When CNN aired an unsubstantiated story six years ago on U.S. military misconduct during the Vietnam War, chief executive Tom Johnson apologized, appointed an independent panel to investigate, fired two producers and correspondent Peter Arnett _ and twice offered to resign.

When NBC's Dateline staged a fiery truck crash in 1993, the network apologized, appointed an independent panel, fired three producers and ousted news division president Michael Gartner.

"You have to take swift and decisive action," NBC News president Neal Shapiro, who took over Dateline after the debacle, said Tuesday. "You have to have significant reform come out of it. We changed the personnel and the process."

The question for CBS is whether an outside investigation will help the network repair its tattered reputation after its story charging that President Bush received favorable treatment in the National Guard _ and whether high-level heads will roll.

CBS "clearly will benefit from such an independent review," said Johnson, who has retired from CNN. But he said the network had waited too long after the Sept. 8 story: "By prolonging it and trying to investigate themselves, it created unnecessary criticism of CBS."

The outside investigation has become a ritual of the media business after a big, full-blown, embarrassing blunder. CBS had resisted such a move for nearly two weeks until Dan Rather apologized Monday for reporting the 60 Minutes segment on Bush based on documents the network admits it cannot authenticate.

CBS News president Andrew Heyward said Monday that he hopes the panel, which he has not named, will report in "weeks, not months" and that he is "open to any recommendations. . . . When mistakes are made, the healthy thing for news organizations to do is to analyze why."

The most vulnerable employee at CBS would seem to be Rather's producer, Mary Mapes, who not only obtained the discredited documents but put her source, former National Guardsman Bill Burkett, in touch with Joe Lockhart, senior adviser to John Kerry's presidential campaign. But it remains unclear whether senior executives from Heyward on down, who approved the story, could be in jeopardy, and how the network will deal with some critics' calls to oust Rather, whose contract has two more years.
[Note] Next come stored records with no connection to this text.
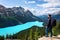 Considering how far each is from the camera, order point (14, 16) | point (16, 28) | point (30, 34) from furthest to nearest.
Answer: point (14, 16) → point (16, 28) → point (30, 34)

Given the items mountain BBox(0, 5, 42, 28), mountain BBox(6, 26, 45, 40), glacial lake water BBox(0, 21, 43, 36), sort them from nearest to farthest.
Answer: mountain BBox(6, 26, 45, 40) → glacial lake water BBox(0, 21, 43, 36) → mountain BBox(0, 5, 42, 28)

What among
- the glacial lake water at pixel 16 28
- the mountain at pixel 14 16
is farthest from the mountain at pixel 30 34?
the mountain at pixel 14 16

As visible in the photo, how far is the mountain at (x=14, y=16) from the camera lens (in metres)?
10.3

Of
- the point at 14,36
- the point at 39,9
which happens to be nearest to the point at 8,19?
the point at 14,36

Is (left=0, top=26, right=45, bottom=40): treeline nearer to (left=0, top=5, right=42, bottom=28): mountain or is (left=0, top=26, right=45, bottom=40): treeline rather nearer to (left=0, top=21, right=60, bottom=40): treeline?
(left=0, top=21, right=60, bottom=40): treeline

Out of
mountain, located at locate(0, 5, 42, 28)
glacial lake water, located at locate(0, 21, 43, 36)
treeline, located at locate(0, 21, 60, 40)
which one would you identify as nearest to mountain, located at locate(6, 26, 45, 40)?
treeline, located at locate(0, 21, 60, 40)

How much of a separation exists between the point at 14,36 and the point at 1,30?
693 millimetres

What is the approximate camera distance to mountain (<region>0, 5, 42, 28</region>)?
1027 cm

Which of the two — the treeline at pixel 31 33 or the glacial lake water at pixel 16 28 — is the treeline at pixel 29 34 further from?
the glacial lake water at pixel 16 28

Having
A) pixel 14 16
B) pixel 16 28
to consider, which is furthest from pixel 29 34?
pixel 14 16

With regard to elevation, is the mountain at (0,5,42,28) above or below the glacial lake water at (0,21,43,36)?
above

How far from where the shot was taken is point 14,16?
10445 millimetres

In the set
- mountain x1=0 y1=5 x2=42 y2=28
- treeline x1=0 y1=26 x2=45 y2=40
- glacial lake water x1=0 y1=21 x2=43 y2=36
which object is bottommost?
treeline x1=0 y1=26 x2=45 y2=40

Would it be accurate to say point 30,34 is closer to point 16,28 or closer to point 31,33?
point 31,33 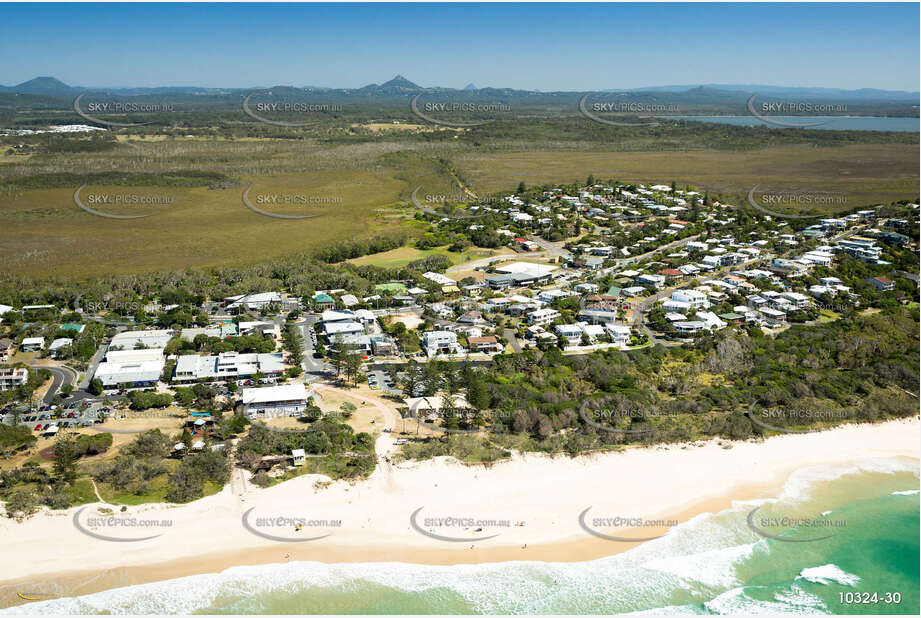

Bob Zelnick, a former ABC correspondent who chairs Boston University's journalism department, faulted CBS's apology, saying: "There's one word I haven't heard so far: retraction. They've yielded inch by inch on the authenticity of the documents and the reliability of the source, but without the documents there was no story." Until CBS retracts the story and apologizes directly to Bush, "it mitigates the potential beneficial effect of an independent board."

The risk in seeking an aggressive outside probe _ the only kind likely to have public credibility _ is that the findings can sting. USA Today, after a weeklong silence, named an outside panel to investigate what turned out to be a series of fabricated stories by star correspondent Jack Kelley. The panel, headed by founding editor John Seigenthaler, said the paper ignored numerous warnings and a "virus of fear" deterred many staffers from reporting problems with Kelley's work. Editor Karen Jurgensen resigned, as did her managing editor, and the executive editor was reassigned.

USA Today is facing new questions after acknowledging Tuesday that its reporters had obtained the disputed Guard memos from Burkett, right after the 60 Minutes broadcast. The paper said Burkett has admitted he lied to USA Today, as well as CBS, about where he got the documents and it is identifying him because he agreed to an on-the-record interview.

Executive editor John Hillkirk said USA Today would not have published the documents without the 60 Minutes story, at least not without further checking.